TASK OBJECTIVE:
A word-for-word copy of the entries is needed, and it should contain no images.

Short descriptive text snippets

___

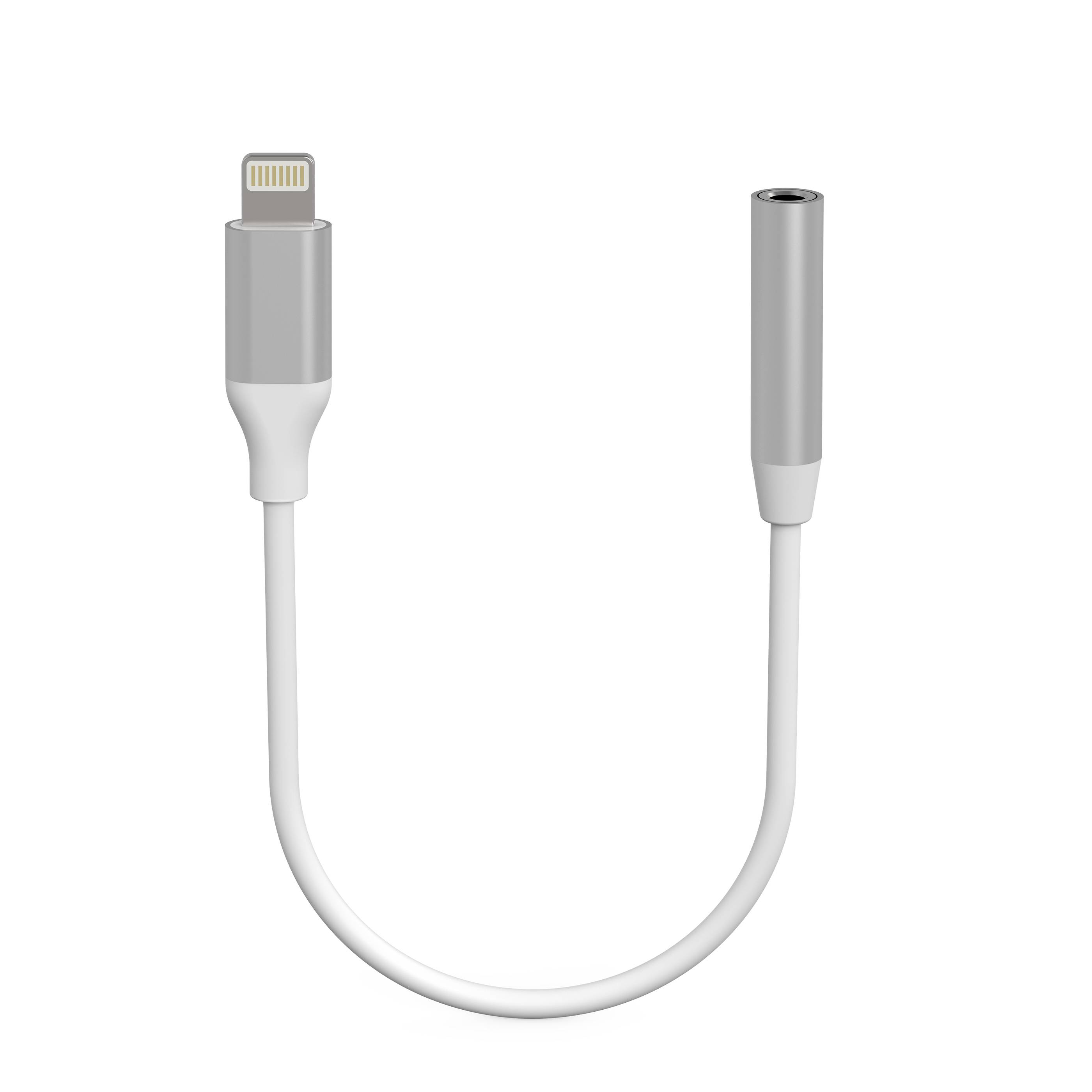 Kabel XLayer Adapter Lightning auf 3,5 mm AUX White/Silver 0.15 m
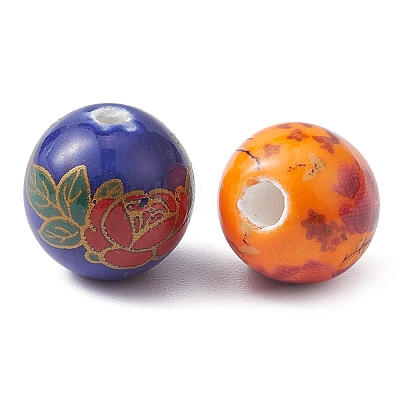 Printed Handmade Porcelain Beads PORC-YW0001-04-1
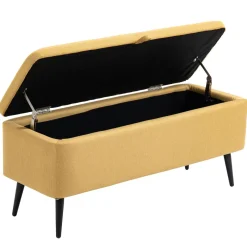 Banco de almacenaje Miller Homcom con tapa abatible amarillo 44,5x101x38,5 cm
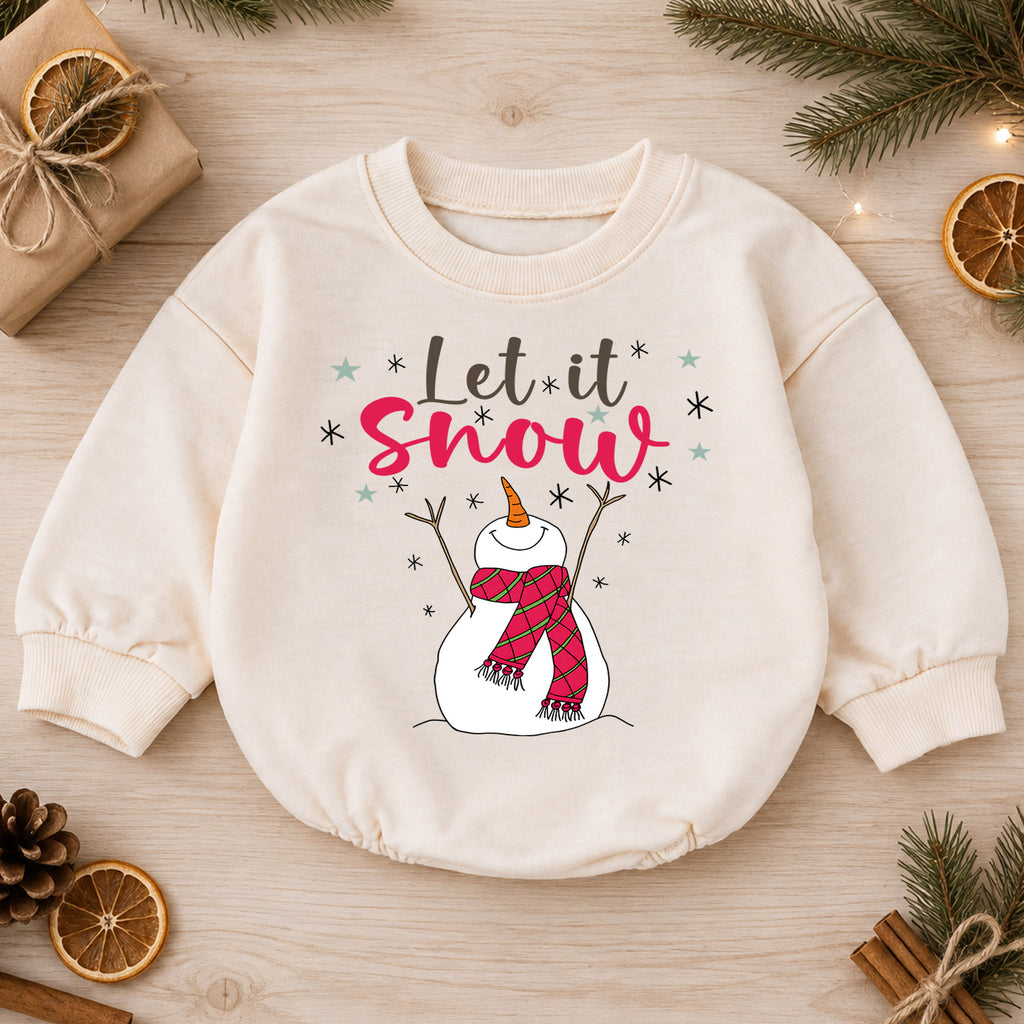 Let It Snow Snowman Christmas Baby Romper, Plaid Scarf Winter Outfit, Toddler Xmas Romper, Cute 1st Christmas Gift for Baby — product view 1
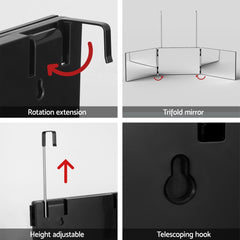 Embellir Trifold Mirror Makeup Portable with Height Adjustable 3 Way Telescoping Hook Hair Cutting Styling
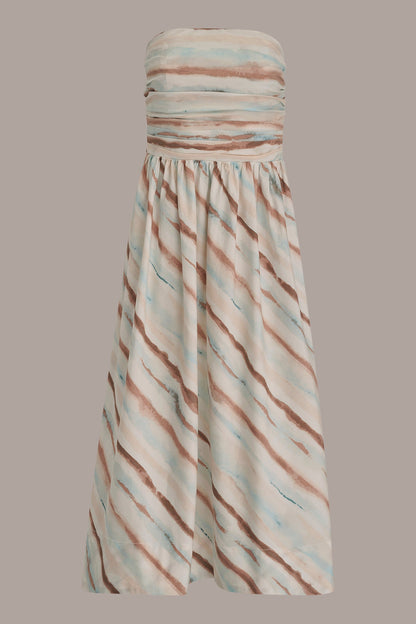 STRAPLESS PRINTED MIDI DRESS - Watercolor Stripe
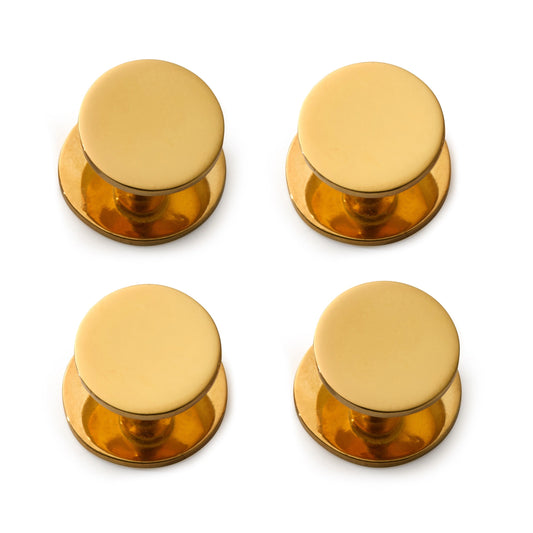 Two gold plated sterling silver dress studs with a delicate design, shown against a white background, by Benson & Clegg.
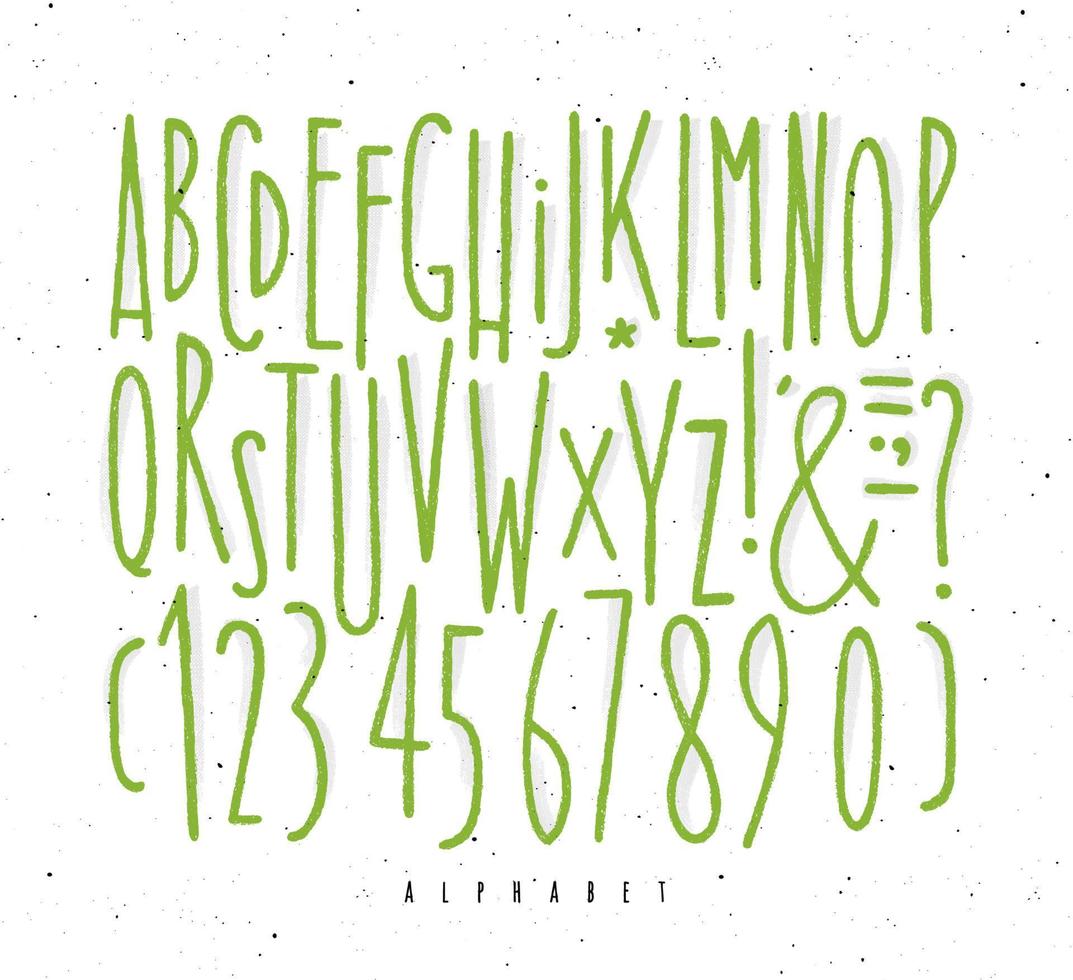alphabet ensemble tout droit lignes Police de caractère dans ancien style dessin avec vert lignes sur blanc Contexte vecteur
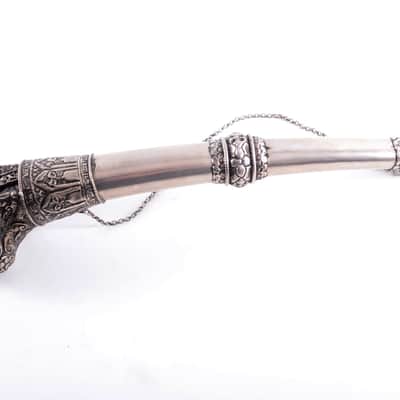 Antique Tibetan Ceremonial Hand Carved Silver Trumpet - Buddhist - Mus. Instrument - Monastery Religious Horn - Artifact - Bone Kangling - Shaman - Nepal image 10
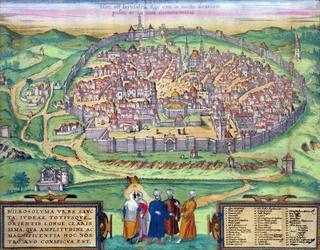 Jeruzsálem térképe Georg Braun (1541-1622) és Frans Hogenberg (1535-90) «Civitates Orbis Terrarum» című művéből, kb. 1572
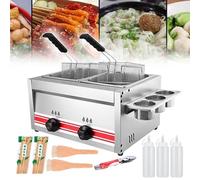 WQZzjm Friggitrice a Gas per Uso Domestico, friggitrice con cestello, Materiale in Acciaio Inossidabile, friggitrice Tradizionale con griglia per condimenti e Bottiglie per Salse, 20 l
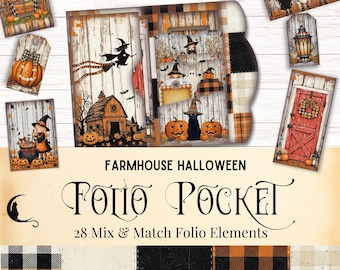 Farmhouse Halloween Junk Journal Folio Pocket Kit, Printable Whimsical Cottagecore Ephemera, Rustic Spooky Scrapbook, DIY Craft Supplies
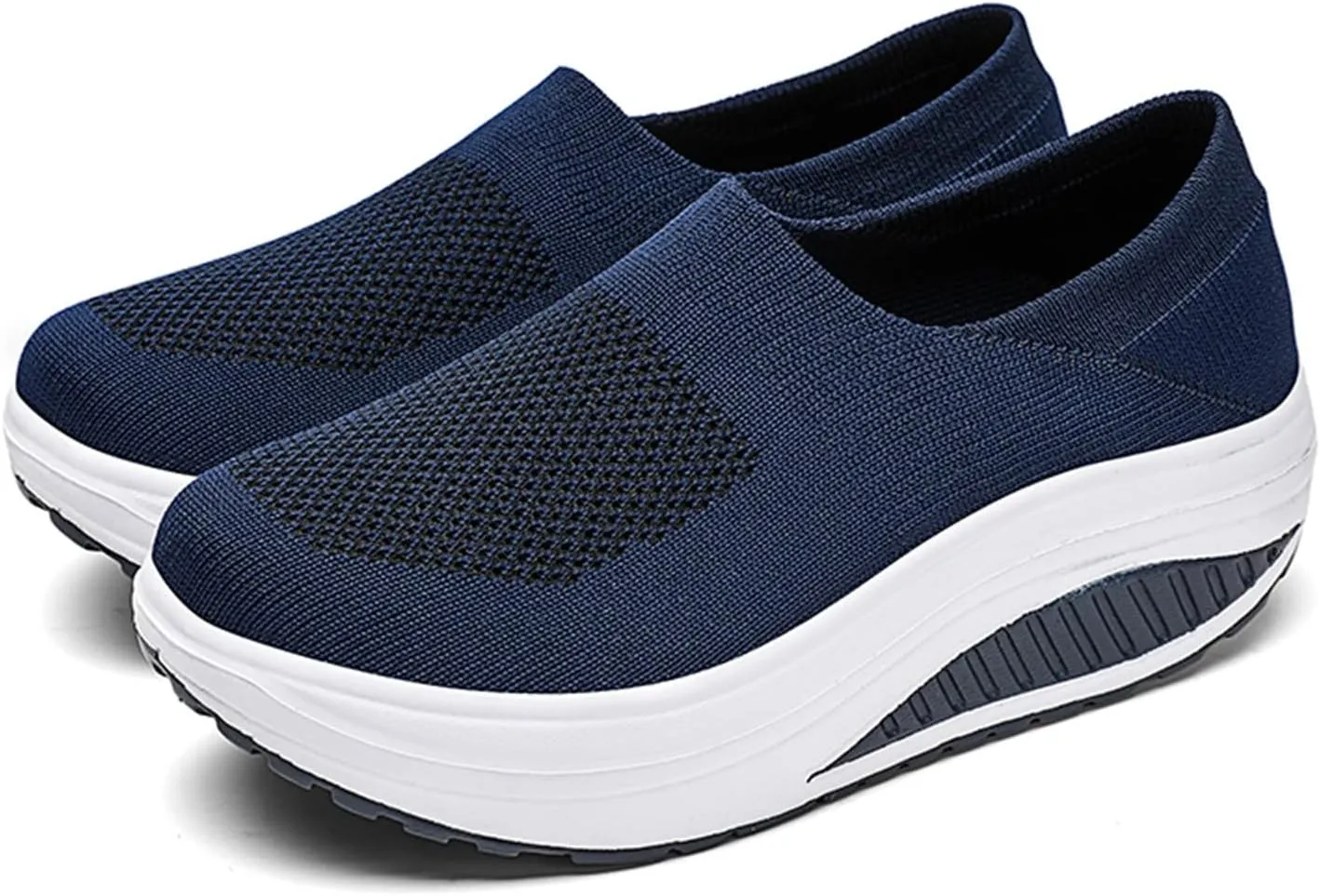 Platform Sneakers for Women Wide Toe All Black Tennis Shoes for Women Slip On Womens Fall Shoes 2023 Casual Wedge Sneakers for Women Dressy Sneakers Non Slip Work Shoes for Women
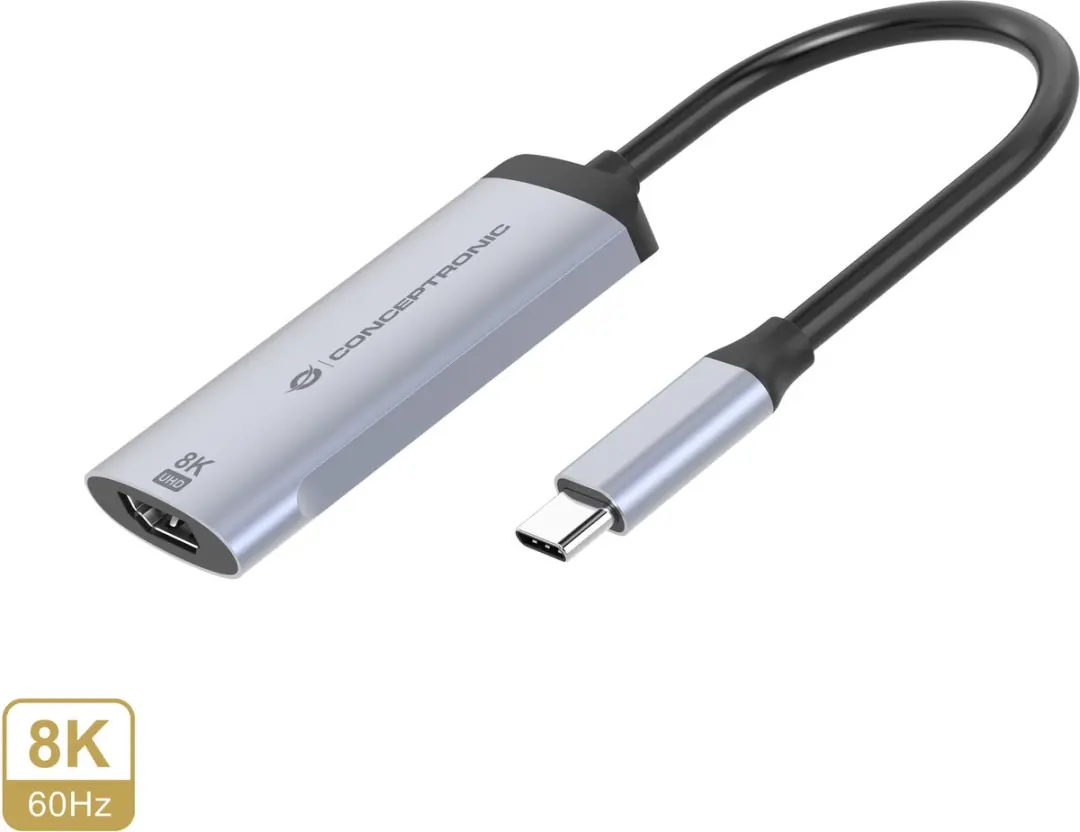 Conceptronic ABBY23G USB Grafische Adapter 7680x4320 - Zilver - afbeelding 6 van 6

___

EXPECTED ANSWER:
 Kabel XLayer Adapter Lightning auf 3,5 mm AUX White/Silver 0.15 m
 Printed Handmade Porcelain Beads PORC-YW0001-04-1
 Banco de almacenaje Miller Homcom con tapa abatible amarillo 44,5x101x38,5 cm
 Let It Snow Snowman Christmas Baby Romper, Plaid Scarf Winter Outfit, Toddler Xmas Romper, Cute 1st Christmas Gift for Baby — product view 1
 Embellir Trifold Mirror Makeup Portable with Height Adjustable 3 Way Telescoping Hook Hair Cutting Styling
 STRAPLESS PRINTED MIDI DRESS - Watercolor Stripe
 Two gold plated sterling silver dress studs with a delicate design, shown against a white background, by Benson & Clegg.
alphabet ensemble tout droit lignes Police de caractère dans ancien style dessin avec vert lignes sur blanc Contexte vecteur
 Antique Tibetan Ceremonial Hand Carved Silver Trumpet - Buddhist - Mus. Instrument - Monastery Religious Horn - Artifact - Bone Kangling - Shaman - Nepal image 10
 Jeruzsálem térképe Georg Braun (1541-1622) és Frans Hogenberg (1535-90) «Civitates Orbis Terrarum» című művéből, kb. 1572
 WQZzjm Friggitrice a Gas per Uso Domestico, friggitrice con cestello, Materiale in Acciaio Inossidabile, friggitrice Tradizionale con griglia per condimenti e Bottiglie per Salse, 20 l
 Farmhouse Halloween Junk Journal Folio Pocket Kit, Printable Whimsical Cottagecore Ephemera, Rustic Spooky Scrapbook, DIY Craft Supplies
 Platform Sneakers for Women Wide Toe All Black Tennis Shoes for Women Slip On Womens Fall Shoes 2023 Casual Wedge Sneakers for Women Dressy Sneakers Non Slip Work Shoes for Women
 Conceptronic ABBY23G USB Grafische Adapter 7680x4320 - Zilver - afbeelding 6 van 6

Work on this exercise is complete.